First, the Taliban was invited to the compound because the villagers were sympathetic to or outright supporters of their cause. Second, The Taliban held the compound by force, and the villagers were not there by their own choice. Third there were no Taliban there and our forces were not fired upon from the compound.

Only the third instance places the blame on US forces. If they received fire from the compound then they were allowed to engage it to neutralize that threat. In both of the other two situations the Taliban bear full responsibility for the heinous act of cowering among women and children while firing at our troops. It is a craven and disgraceful act and the most likely explanation for any loss of innocent lives.

It is highly unlikely that our troops called an airstrike against an orphanage in the middle of the night for their own entertainment and the joy of slaughtering civilians. Once the Taliban made the decision to use any civilians as cover they assumed all moral and legal responsibility for the deaths of those people. The question of whether having civilians die while in the company of gutless scum like these helps our overall cause of winning the populace to our side is a separate issue that I would like to discuss and hear some opinions on.

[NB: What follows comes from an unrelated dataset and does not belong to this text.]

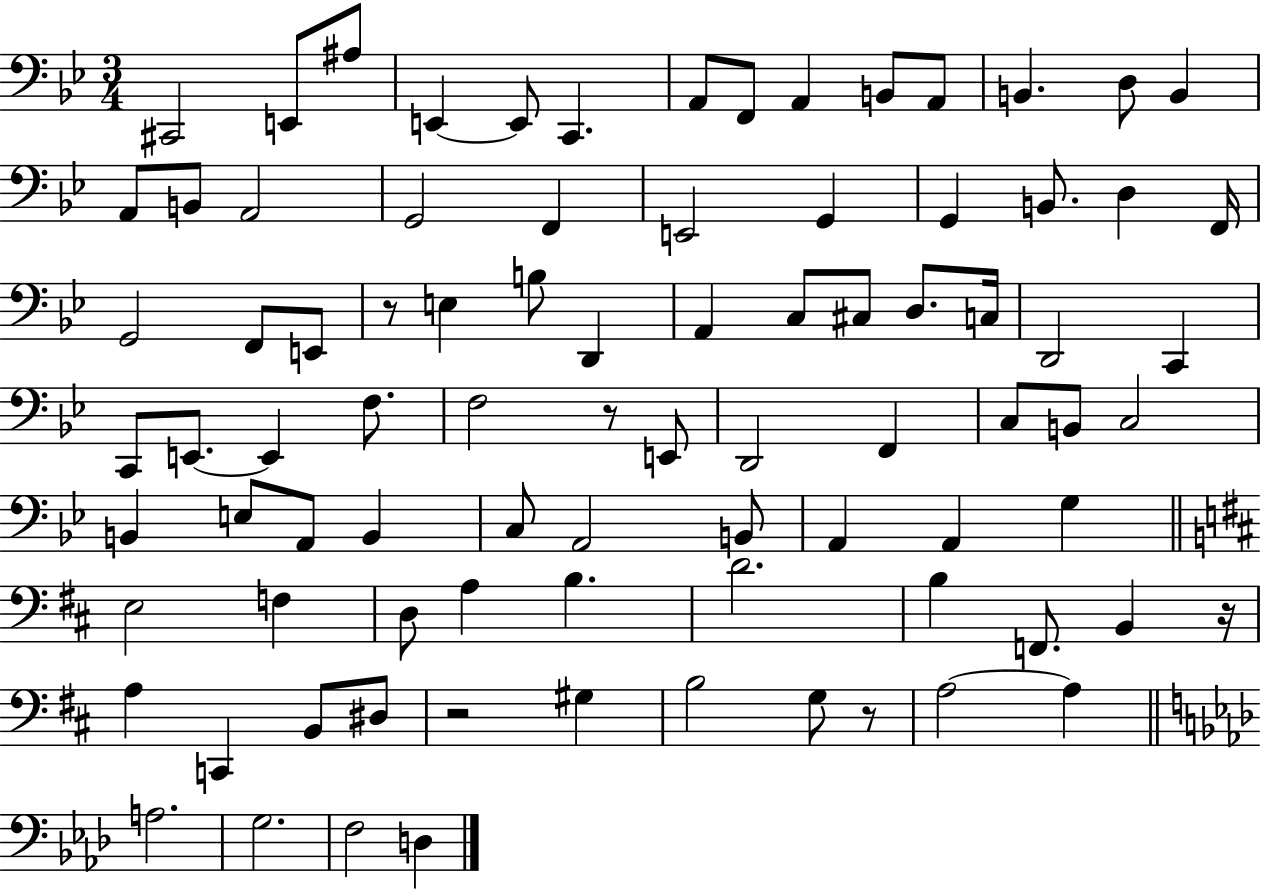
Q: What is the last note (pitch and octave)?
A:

The news stories conspicuously fail to attach any blame to the bastards who got their families or someone else's killed, but their is no doubt about culpability. I have also stated my personal belief that the direct family members of terror groups should be considered combatants in the same way our support forces are. A Talibani wife feeds and waters the animals who slaughter innocents on purpose and in that role she is as vital to their operations as the terrorists themselves. As far as children, that is a much tougher call. What age are you willing to put as the minimum where we can put a bullet in the head of a junior Talib. They begin military activities at the age of 10 or 12, so spare me outrage at boys dying next to their brothers, fathers and cousins in terror.

The deaths of children below military age is horrifying and we have always done all we can to avoid their involvement and endangerment, but we didn't put them in danger the murderous, religious fanatics did. We cannot be expected to sacrifice the lives of our troops who we value dearly if the enemy values their families not at all.